“Repent therefore, and turn again, that your sins may be blotted out, that times of refreshing may come from the presence of the Lord.” (Acts 3:19-20a)
We trip awkwardly, sprawling our secret sins in full view of cynical eyes.
Later, we cringe, fearful of lifting our heads lest anyone condemn us further for our regretful behavior. Ashamed, we bury our faces in self‐condemnation. Who will forgive us now? Who will refurbish our shameful lives?
God will. If we doubt his ability to forgive and restore, if we believe our transgressions beyond his redemption, we fail to comprehend his track record.
In Acts 3, Peter teaches us the radical extent of God’s forgiveness. A crowd of Jews in Solomon’s portico of the temple surrounds the apostle. Boldly, Peter lays out God’s case against them, reminding them they were the ones who delivered Jesus to Pilate. He tells them plainly that they denied the Holy and Righteous One and actually killed the Author of life (Acts 3:13-‐15).

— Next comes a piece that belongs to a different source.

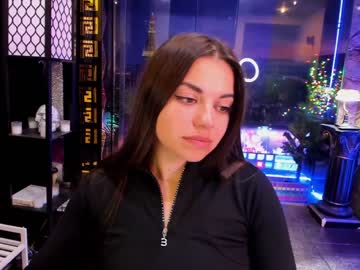 girl
        alma_pearl cam image #1188597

Yet even these criminal acts against the Son of God do not disqualify them from God’s forgiveness. Further in the chapter, Peter reassures them that they “acted in ignorance” and calls them to repentance, to make Jesus Christ their Lord.
Through the lips of Peter, God actually extended forgiveness to the ones who participated in Jesus’ death. What iniquity could be more heinous? Since God willingly forgave these wretched offenders, we can be certain he is willing to forgive us as well. Our complete reconciliation with the Father is possible. Ask him to pardon and restore us to fellowship with him. His Son already paid the full price for us to obtain that costly gift.